WHAT NEEDS TO BE DONE: Within the records below is a range that opens at the line with "A bedroom with" and closes at the line with "Face of Happy". Return that range word for word, both ends included, and only that range.

Start of SUPPLIED ENTRIES

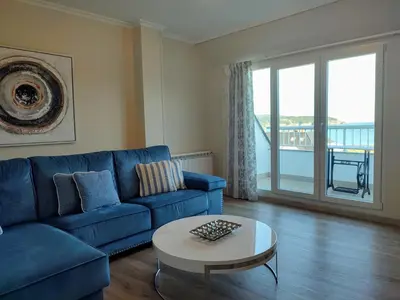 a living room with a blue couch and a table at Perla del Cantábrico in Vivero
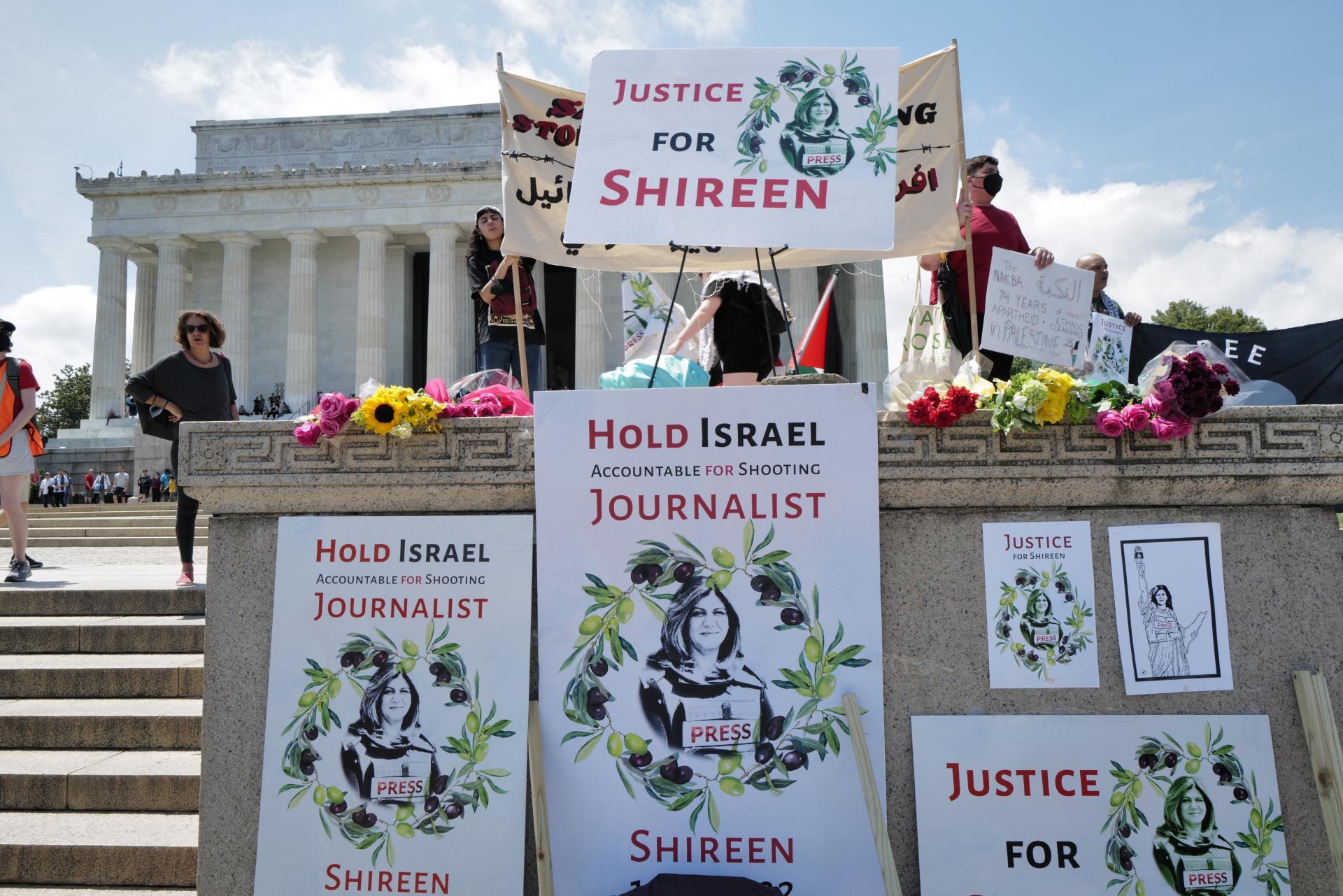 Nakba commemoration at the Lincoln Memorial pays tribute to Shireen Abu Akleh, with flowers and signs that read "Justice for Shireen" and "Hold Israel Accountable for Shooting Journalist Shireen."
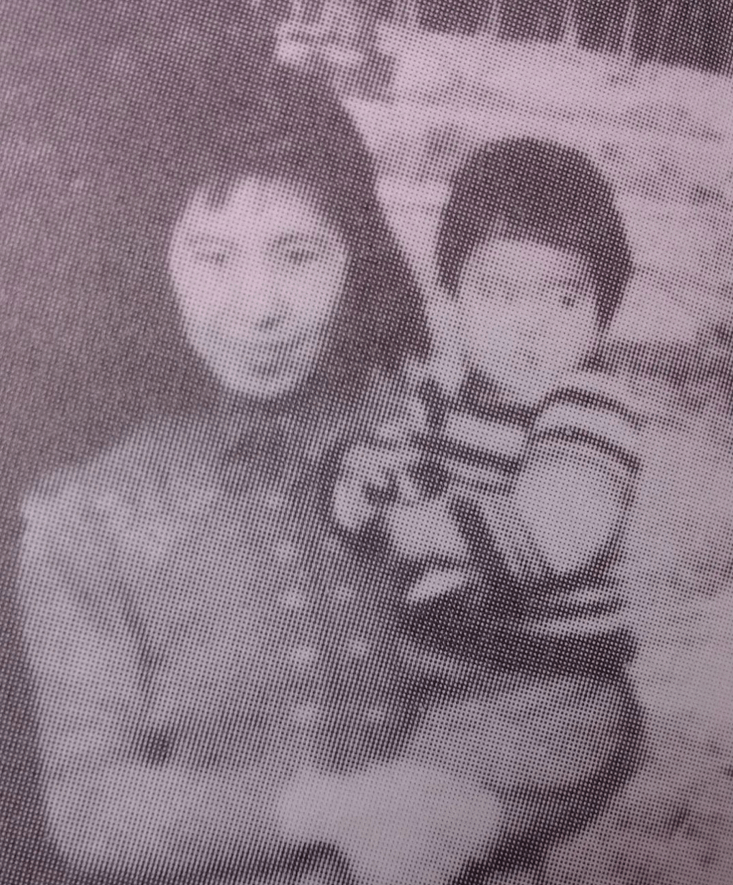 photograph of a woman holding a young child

End of SUPPLIED ENTRIES
Start of SUPPLIED ENTRIES

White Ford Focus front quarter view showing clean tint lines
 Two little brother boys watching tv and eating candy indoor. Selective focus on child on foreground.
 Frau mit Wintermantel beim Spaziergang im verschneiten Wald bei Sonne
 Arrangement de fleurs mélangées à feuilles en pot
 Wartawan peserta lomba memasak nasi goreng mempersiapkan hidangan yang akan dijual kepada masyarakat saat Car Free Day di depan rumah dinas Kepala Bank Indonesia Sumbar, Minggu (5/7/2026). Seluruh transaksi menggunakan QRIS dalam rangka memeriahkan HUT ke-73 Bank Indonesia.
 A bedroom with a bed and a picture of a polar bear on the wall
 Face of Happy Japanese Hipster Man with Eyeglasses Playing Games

End of SUPPLIED ENTRIES
Start of SUPPLIED ENTRIES

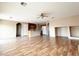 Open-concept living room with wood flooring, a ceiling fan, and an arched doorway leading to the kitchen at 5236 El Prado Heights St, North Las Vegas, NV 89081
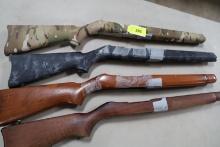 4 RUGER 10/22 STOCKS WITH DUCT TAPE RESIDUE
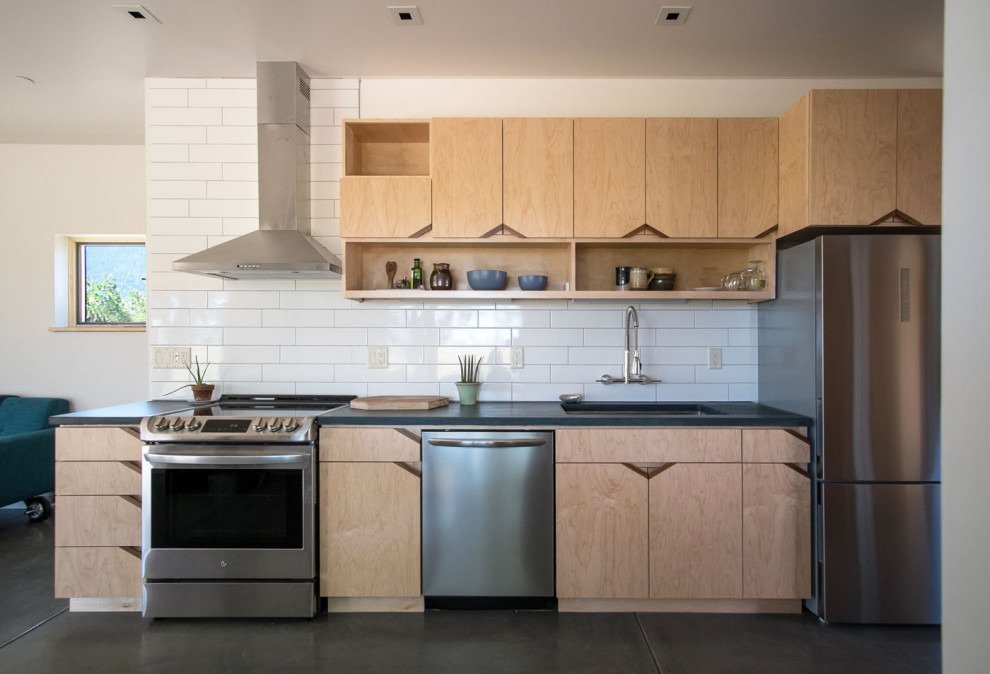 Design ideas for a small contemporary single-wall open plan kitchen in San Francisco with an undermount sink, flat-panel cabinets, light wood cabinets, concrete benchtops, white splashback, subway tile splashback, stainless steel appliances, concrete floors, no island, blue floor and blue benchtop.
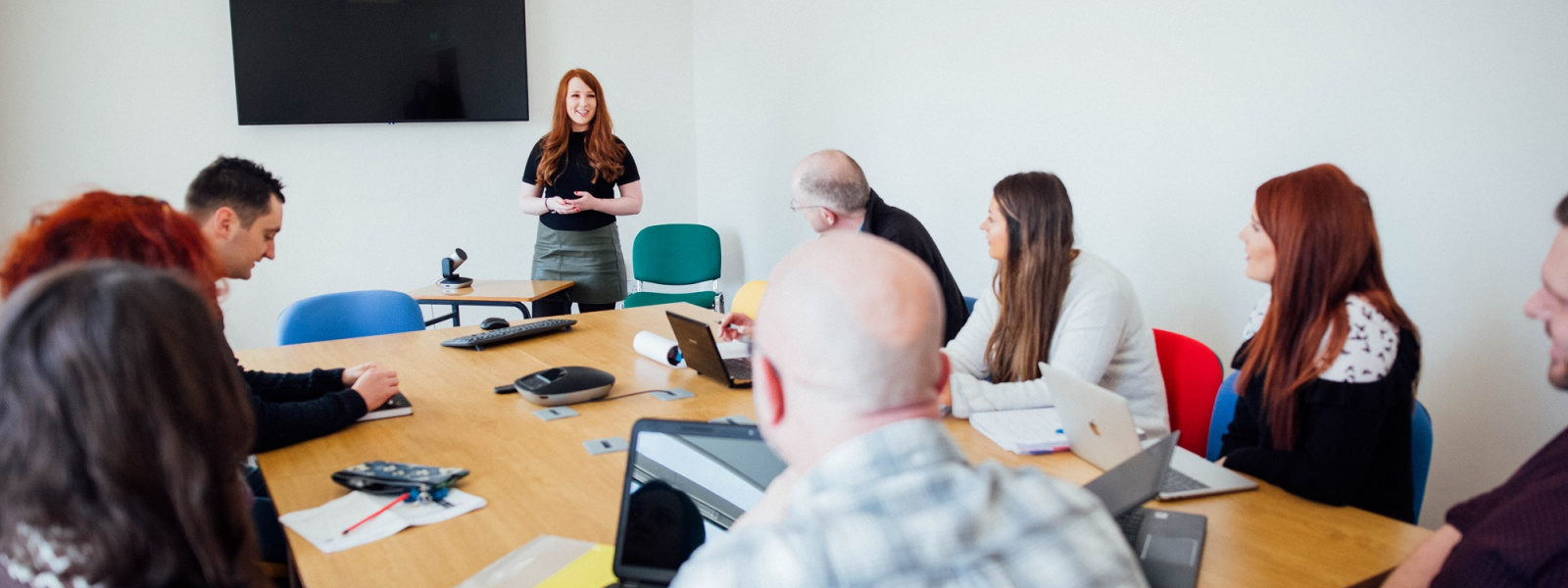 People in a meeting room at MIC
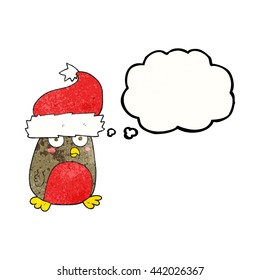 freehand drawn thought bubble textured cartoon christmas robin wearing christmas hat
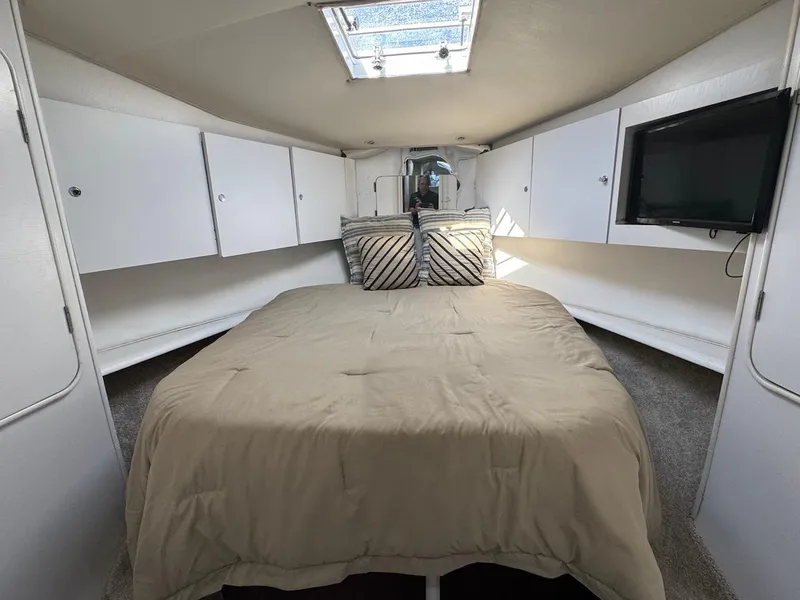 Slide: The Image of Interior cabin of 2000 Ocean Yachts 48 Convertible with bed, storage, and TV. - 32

End of SUPPLIED ENTRIES

WORKED SOLUTION:
 A bedroom with a bed and a picture of a polar bear on the wall
 Face of Happy Japanese Hipster Man with Eyeglasses Playing Games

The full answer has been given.